◆ What you need to do:
Reproduce everything from the line that contains "Juice - Lilac" down to the line that contains "Grey and ochre armchairs among planters" in the listing below, word for word and nothing more. Leave the pictures out.

◆ Extracted records:

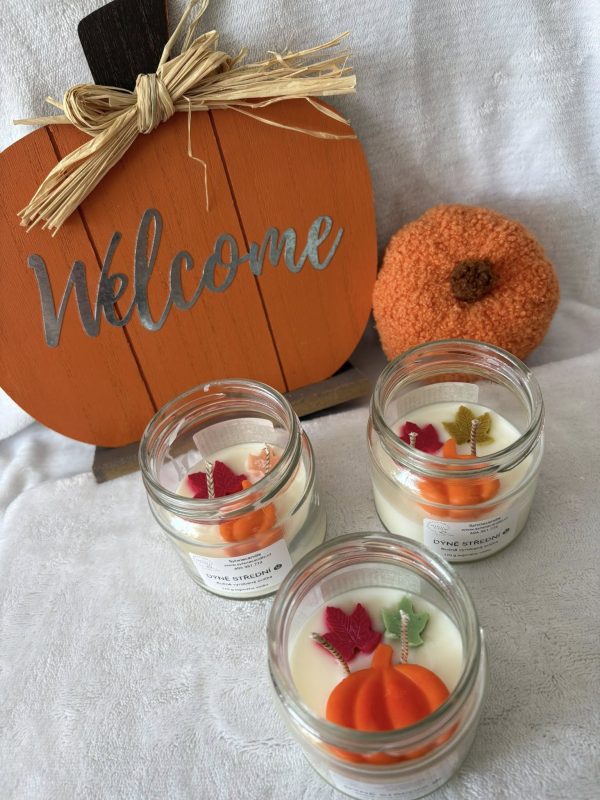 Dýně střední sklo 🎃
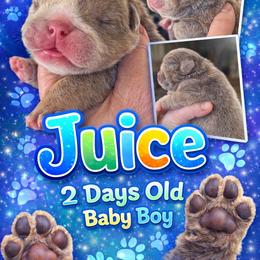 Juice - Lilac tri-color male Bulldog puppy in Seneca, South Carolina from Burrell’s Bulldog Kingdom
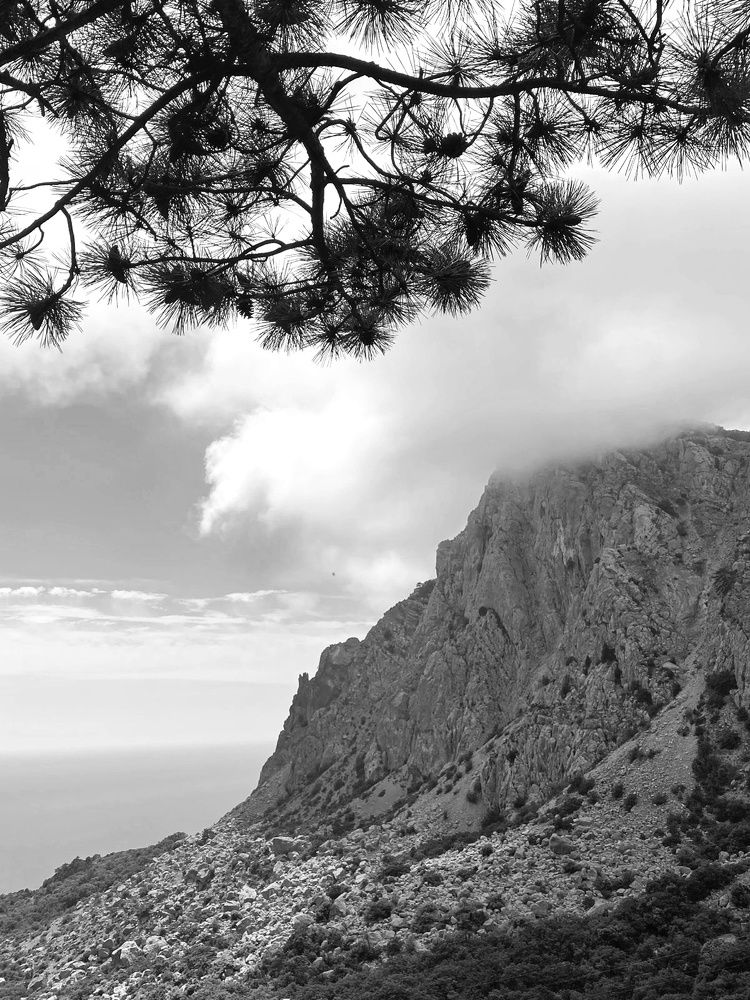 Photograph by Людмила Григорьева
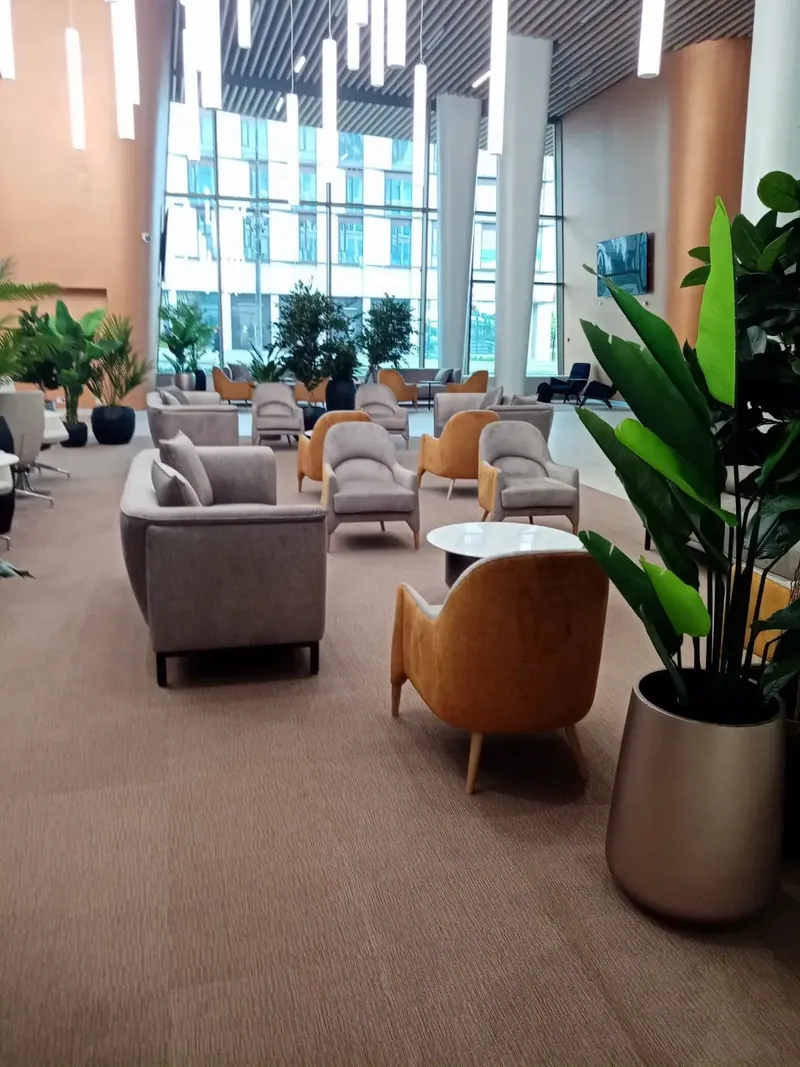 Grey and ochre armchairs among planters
...
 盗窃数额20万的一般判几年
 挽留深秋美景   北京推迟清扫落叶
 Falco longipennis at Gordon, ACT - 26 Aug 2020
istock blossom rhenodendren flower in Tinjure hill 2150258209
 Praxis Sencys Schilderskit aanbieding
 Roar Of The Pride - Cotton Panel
* * *
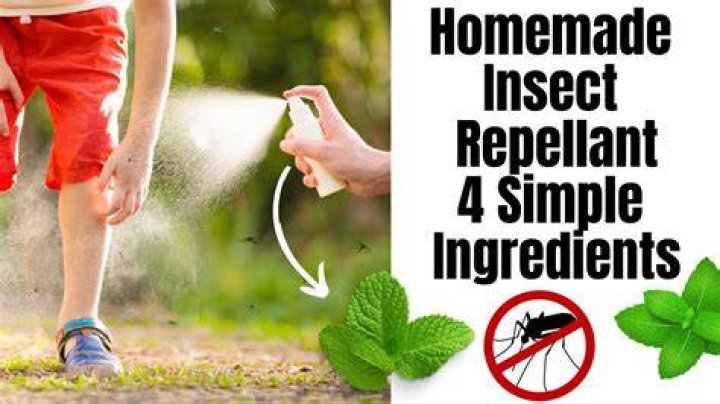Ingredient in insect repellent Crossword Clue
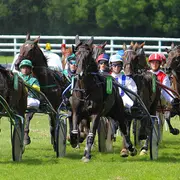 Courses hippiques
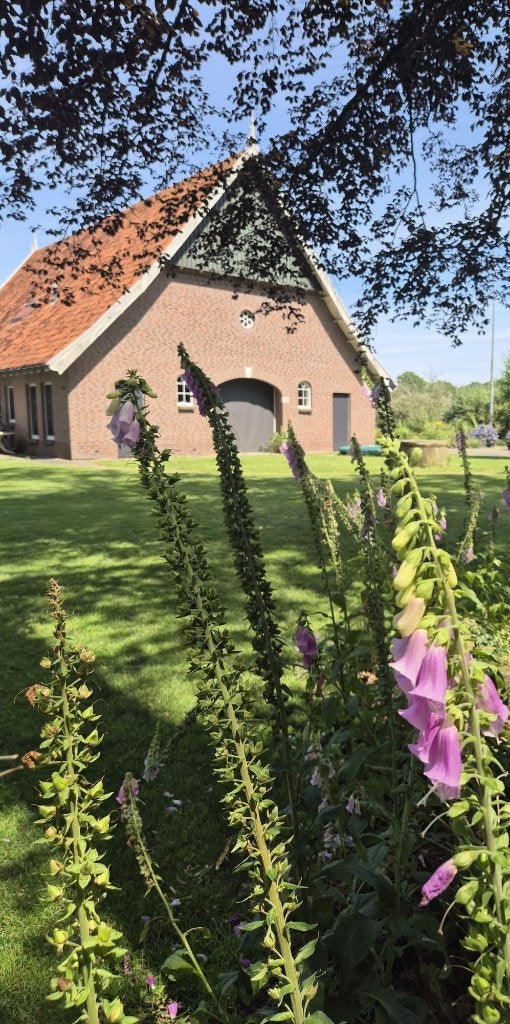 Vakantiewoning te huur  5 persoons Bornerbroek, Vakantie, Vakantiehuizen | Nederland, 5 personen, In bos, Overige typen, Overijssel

◆ Solution to this problem:
 Juice - Lilac tri-color male Bulldog puppy in Seneca, South Carolina from Burrell’s Bulldog Kingdom
 Photograph by Людмила Григорьева
 Grey and ochre armchairs among planters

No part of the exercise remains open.